### Exercise objective
Show each line of the listing in which the word "image" occurs.

BEGIN

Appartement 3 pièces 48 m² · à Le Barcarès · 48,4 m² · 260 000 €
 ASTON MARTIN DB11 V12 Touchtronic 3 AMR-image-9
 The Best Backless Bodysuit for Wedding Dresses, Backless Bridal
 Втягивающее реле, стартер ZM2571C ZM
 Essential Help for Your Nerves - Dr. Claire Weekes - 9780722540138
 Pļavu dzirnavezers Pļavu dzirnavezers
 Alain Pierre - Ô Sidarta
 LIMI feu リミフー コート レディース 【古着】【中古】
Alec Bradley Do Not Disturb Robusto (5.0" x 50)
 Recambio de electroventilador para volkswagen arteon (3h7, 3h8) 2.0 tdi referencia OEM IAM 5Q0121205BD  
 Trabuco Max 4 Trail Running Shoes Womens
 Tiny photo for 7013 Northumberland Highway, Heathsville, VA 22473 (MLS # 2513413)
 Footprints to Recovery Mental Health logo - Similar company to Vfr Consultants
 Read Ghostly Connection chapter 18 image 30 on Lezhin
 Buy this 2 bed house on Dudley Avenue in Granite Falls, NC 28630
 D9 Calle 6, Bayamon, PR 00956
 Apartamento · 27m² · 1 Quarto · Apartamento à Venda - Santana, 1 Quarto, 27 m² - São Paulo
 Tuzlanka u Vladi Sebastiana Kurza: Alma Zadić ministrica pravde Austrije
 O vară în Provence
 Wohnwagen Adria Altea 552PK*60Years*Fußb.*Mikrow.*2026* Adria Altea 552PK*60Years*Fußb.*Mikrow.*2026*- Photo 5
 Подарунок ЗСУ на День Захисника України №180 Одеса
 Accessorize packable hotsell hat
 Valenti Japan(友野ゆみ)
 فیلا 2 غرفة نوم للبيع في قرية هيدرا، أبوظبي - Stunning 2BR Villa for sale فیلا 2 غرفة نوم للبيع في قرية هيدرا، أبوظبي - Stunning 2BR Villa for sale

END

### Exercise answer
 ASTON MARTIN DB11 V12 Touchtronic 3 AMR-image-9
 Read Ghostly Connection chapter 18 image 30 on Lezhin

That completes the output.